In order to reduce the number of variables produced by physical measurements and body composition tests and to obtain robust and representative component scores to apply in subsequent analyses, we used a PCA. We checked the assumptions of this analysis by looking for multicollinearity (>0.9) or singularity (= 0.0) between variables by a bivariate correlation. For body composition measures, we found a high correlation between body weight, body fat, muscle mass, bone mass, and total body water (rs > 0.817). For later regression analysis, we have therefore decided to keep body weight as the most representative variable that includes all body composition measures. It is a frequently used measure of body size, thus allowing for a comparison with previous research. Analysis of AC data yielded by the Wingate test measurements revealed a high correlation between maximum performance, average performance, AC, and decrease of performance (rs > 0.9). In view of these results, and because we use maximal performance also in other measurements, we decided to use maximum performance as a variable in the PCA. After these initial adjustments, assumptions of the analysis were met.
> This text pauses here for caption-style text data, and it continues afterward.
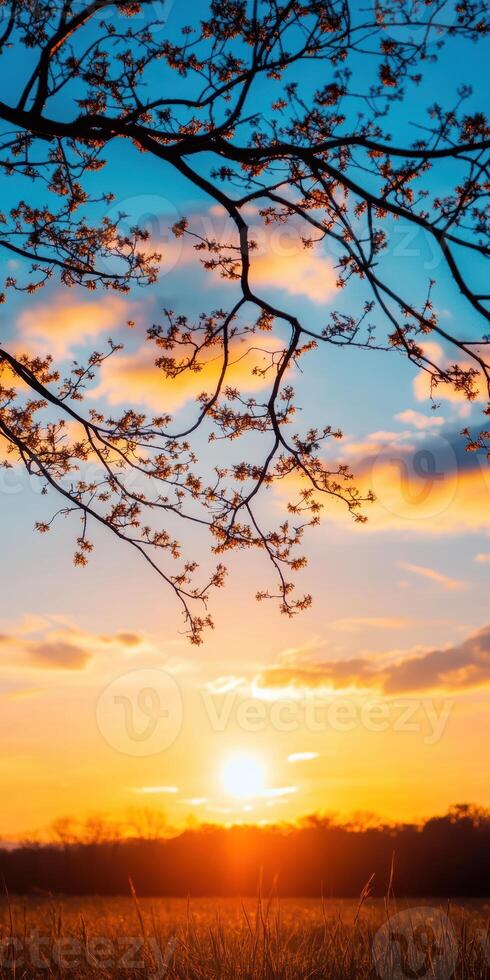 A tree branch with leaves and a sun in the sky photo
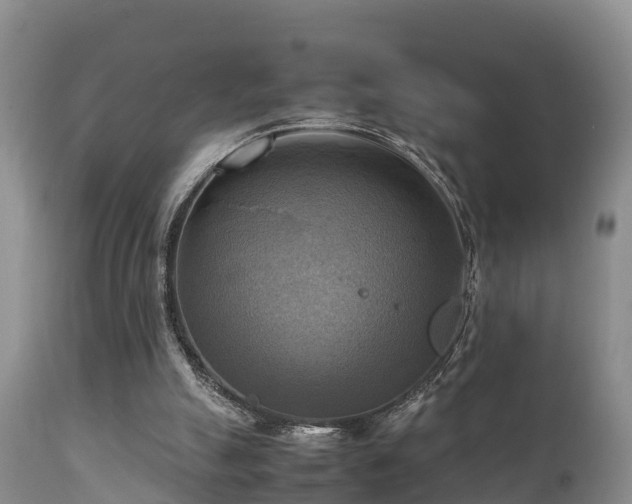 X0000112090055200908111404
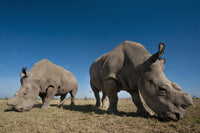 http://c328301.r1.cf1.rackcdn.com/DPI2297174.jpg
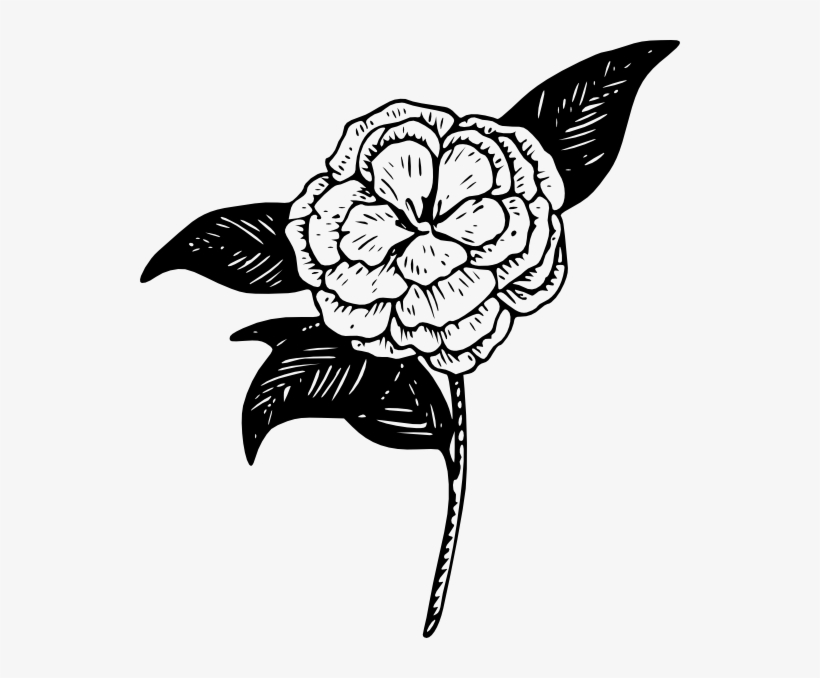 Png Royalty Free Library Confusing Drawing Purity - Camellia Flower Clip Art, transparent png #5189505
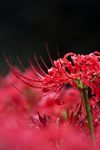 彼岸花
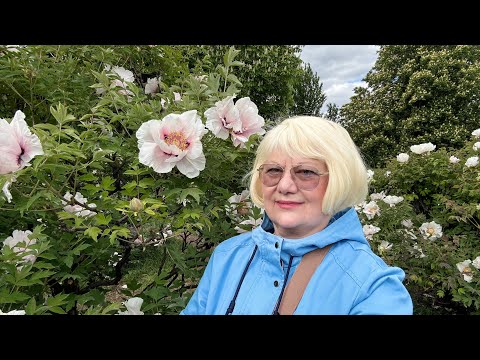 Видео: ОТВЕЧАЮ НА ВАШИ ВОПРОСЫ! ПРОГУЛКА ПО БОТАНИЧЕСКОМУ САДУ КИЕВ МАЙ 2025. ЦВЕТЁТ СИРЕНЬ.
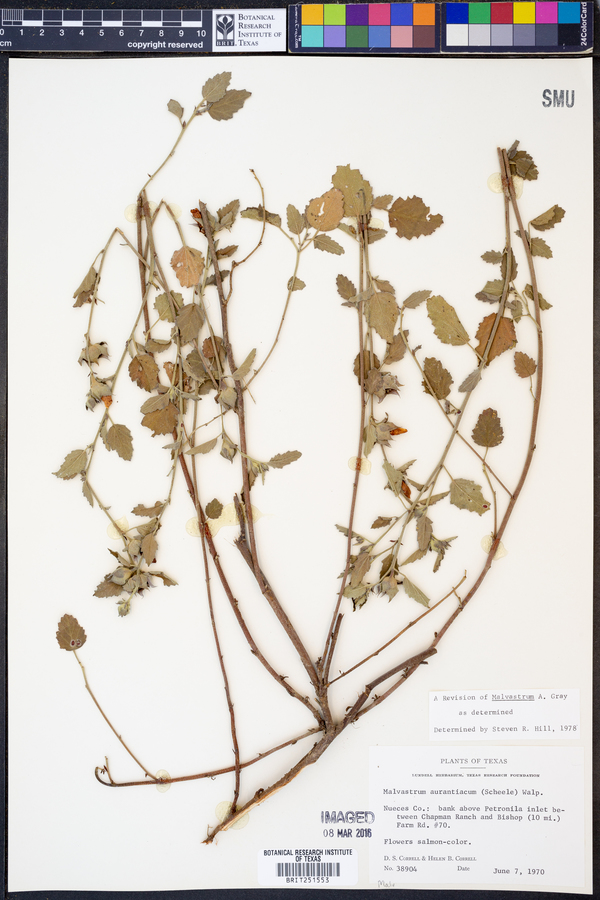 Malvastrum aurantiacum image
We subjected maximal isometric strength measurements to the PCA. This produced a single component which we labeled “Isometric strength.” Next, we entered spirometry test measurements into the PCA, which resulted in a component we labeled “Lung capacity.” Anaerobic capacity measurements also yielded a single component, the “Anaerobic capacity.” The resulting components and their loadings are listed in the Supplementary Materials, Table S1.

Data Availability

Datasets generated and analyzed during the current study are available in the Supplementary Material of this article (Dataset athletes.XLSX, Dataset rating.XLSX).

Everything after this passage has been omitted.